* [Required work]: Repeat every entry exactly. Do not include the pictures.

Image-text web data

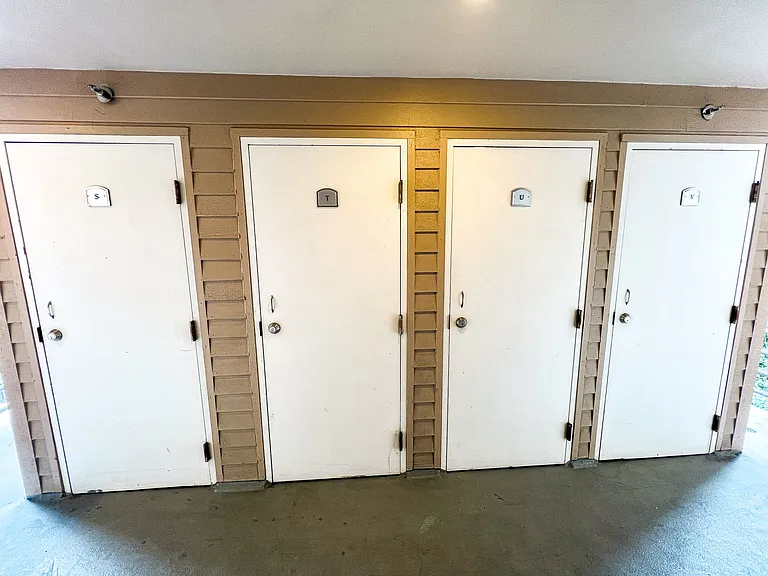 Castellan Apartments — Photo 8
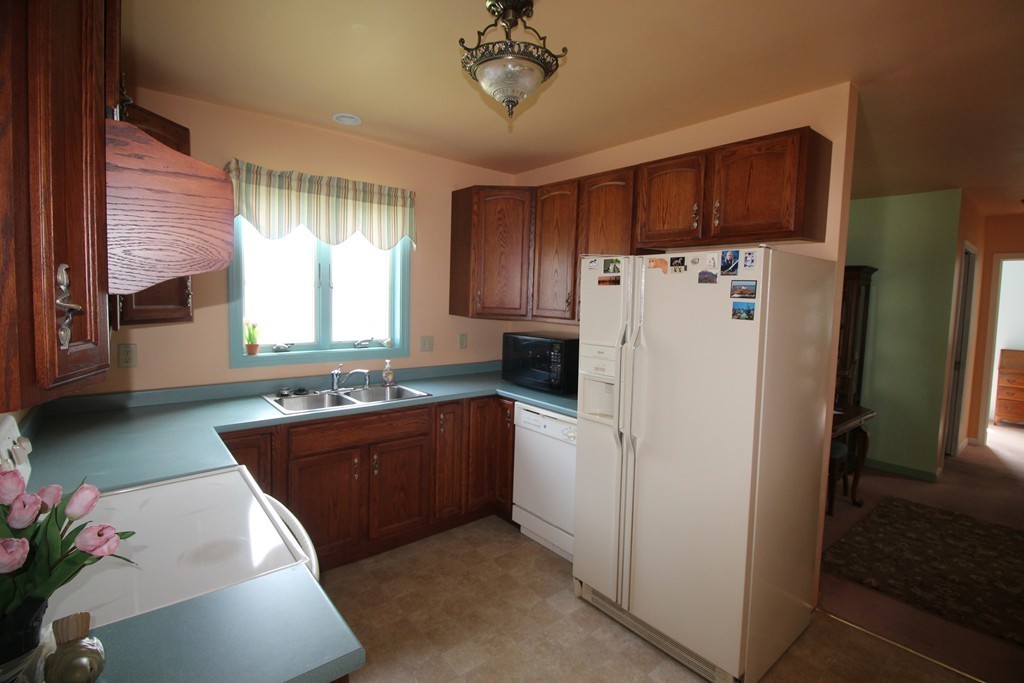 32 Ferry Road Salisbury, MA 01952 - Photo 14 of 21 Gallery Image 14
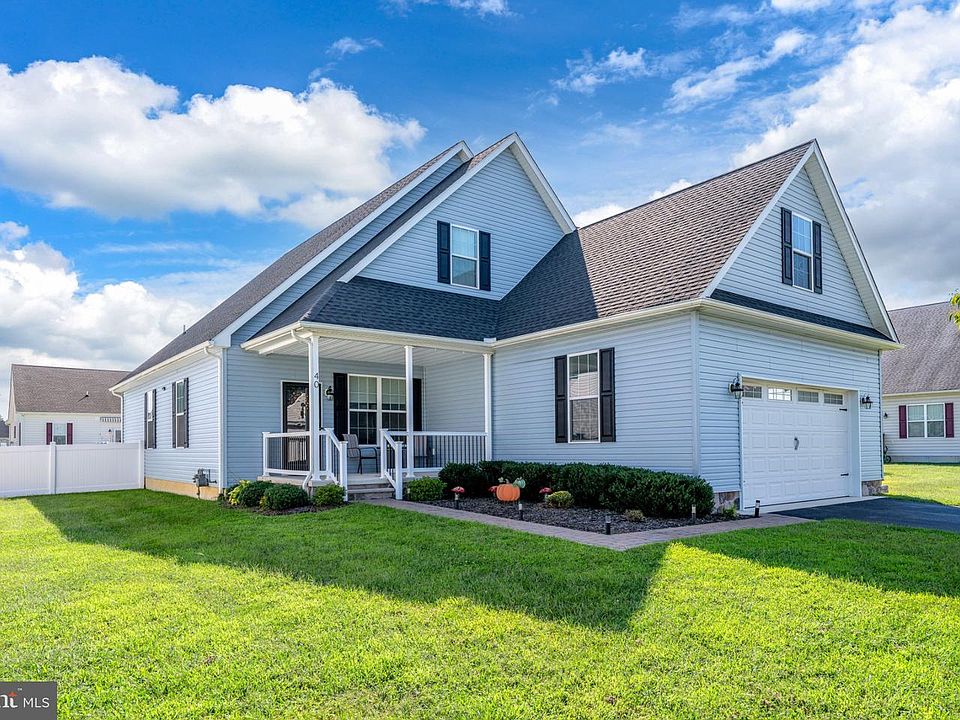 1st image of 40 Clear Spring Ct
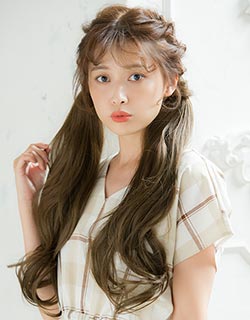 高品質✨自然なフルウィッグ　さらにお値下げしました❣️ネット、スタンド付き 高品質✨自然なフルウィッグさらにお値下げしました❣️ネット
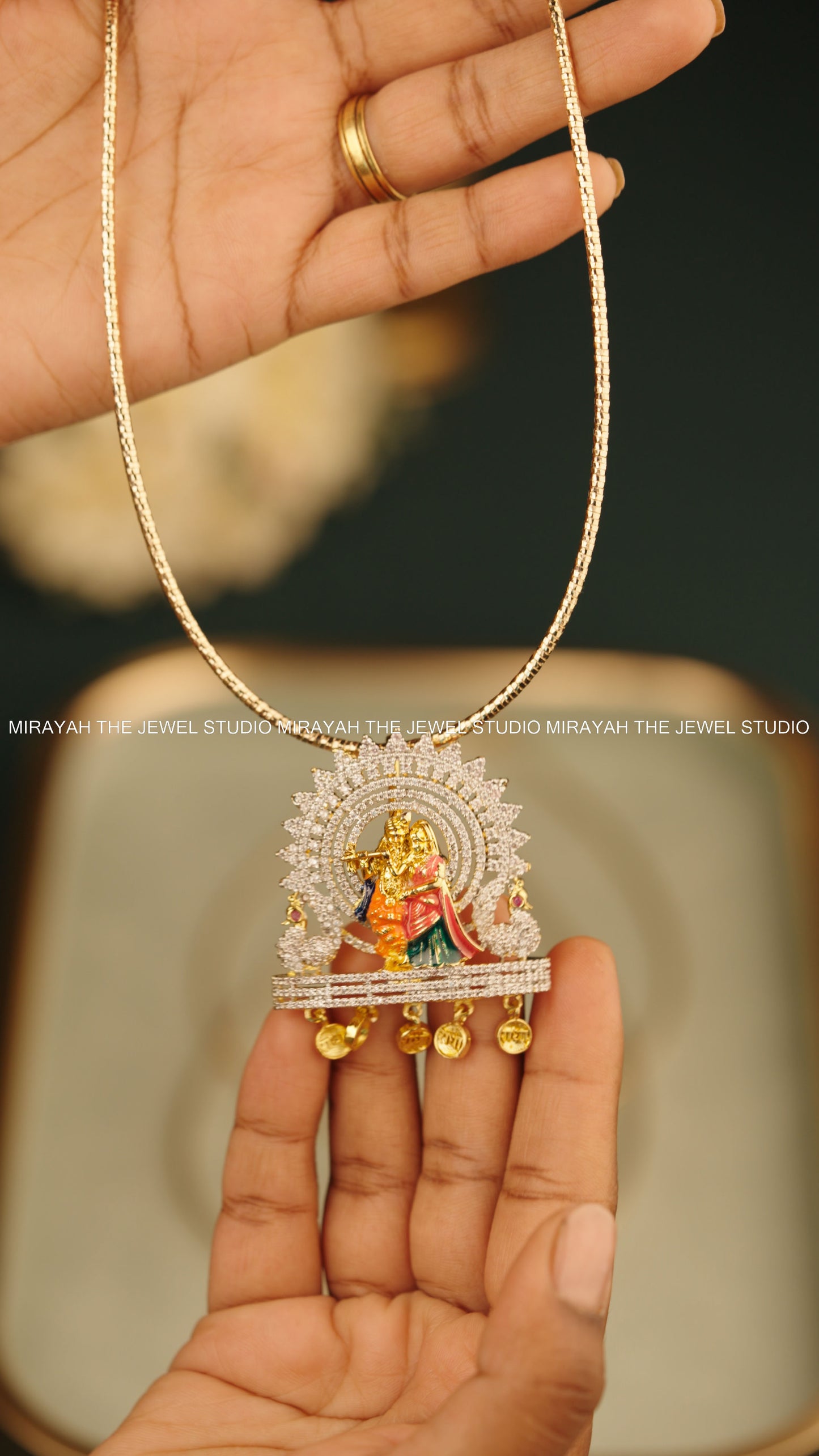RADHEY SHYAM HASLI Necklace (with detachable pendant)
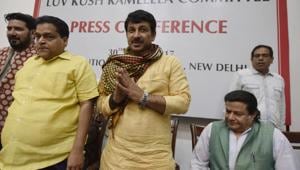 Manoj Tiwari has hinted at the possibility of a ‘political conspiracy’ against him following the Delhi municipal elections result that went in his party’s favour.(Ravi Choudhary/HT Photo) Manoj Tiwari has hinted at the possibility of a ‘political conspiracy’ against him following the Delhi municipal elections result that went in his party’s favour.(Ravi Choudhary/HT Photo)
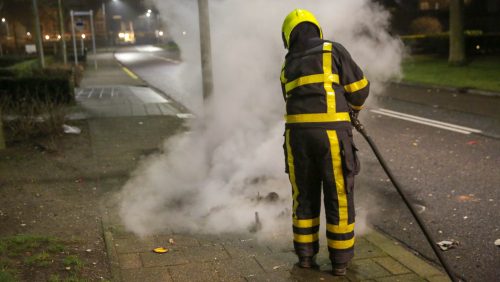 Vuurwerkdozen-in-brand-Loverstraat-Nederweert-2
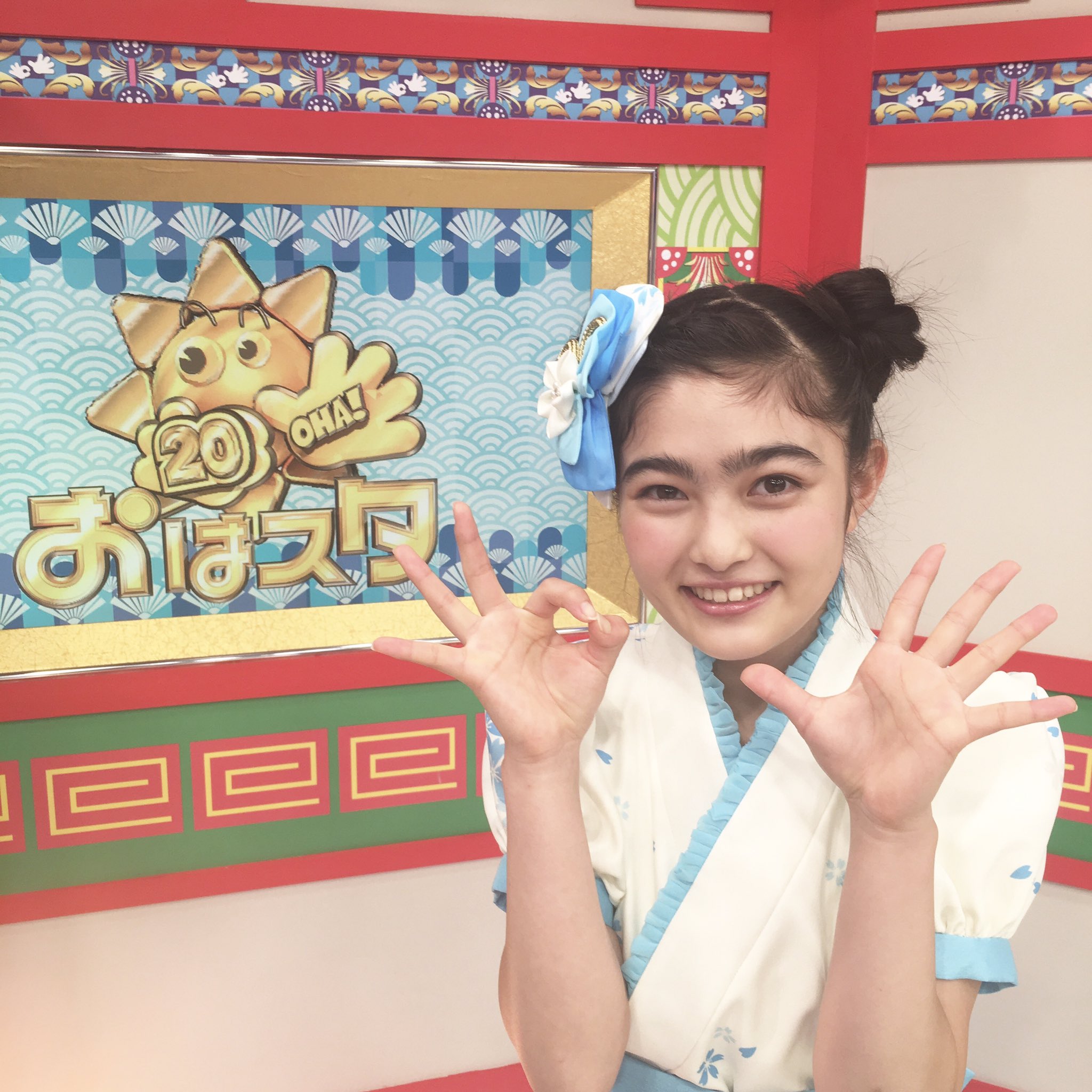 井上咲楽さん着用HOUGA ツーピース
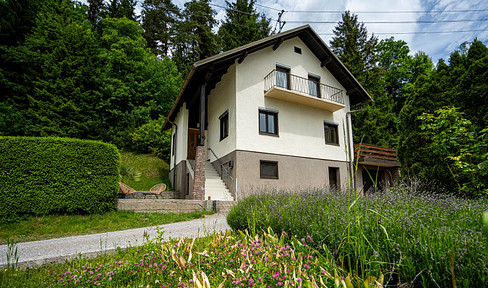 *Detached house, "***Family Happiness***," in a sunny and peaceful location.*
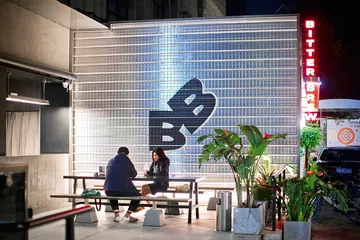 喝一口“中年危机”，酿一桶“稳中带甩”2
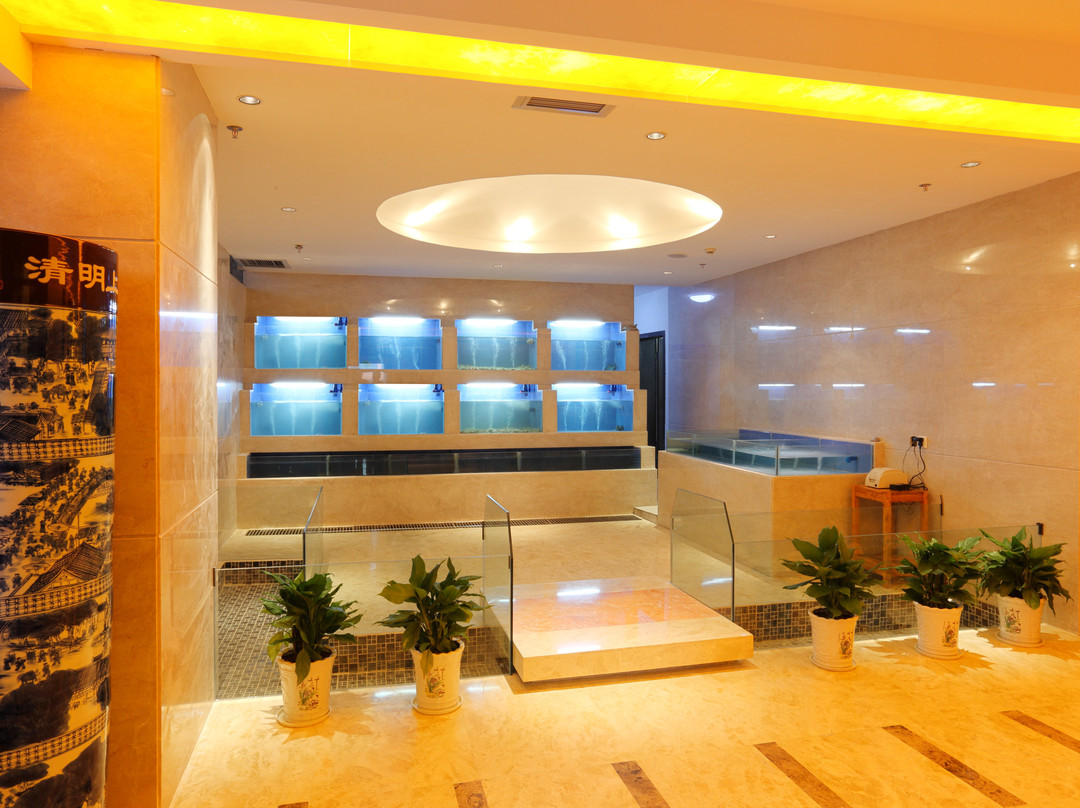 嘉隆国际酒店主图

* [Output]:
 Castellan Apartments — Photo 8
 32 Ferry Road Salisbury, MA 01952 - Photo 14 of 21 Gallery Image 14
 1st image of 40 Clear Spring Ct
 高品質✨自然なフルウィッグ　さらにお値下げしました❣️ネット、スタンド付き 高品質✨自然なフルウィッグさらにお値下げしました❣️ネット
RADHEY SHYAM HASLI Necklace (with detachable pendant)
 Manoj Tiwari has hinted at the possibility of a ‘political conspiracy’ against him following the Delhi municipal elections result that went in his party’s favour.(Ravi Choudhary/HT Photo) Manoj Tiwari has hinted at the possibility of a ‘political conspiracy’ against him following the Delhi municipal elections result that went in his party’s favour.(Ravi Choudhary/HT Photo)
 Vuurwerkdozen-in-brand-Loverstraat-Nederweert-2
 井上咲楽さん着用HOUGA ツーピース
 *Detached house, "***Family Happiness***," in a sunny and peaceful location.*
 喝一口“中年危机”，酿一桶“稳中带甩”2
 嘉隆国际酒店主图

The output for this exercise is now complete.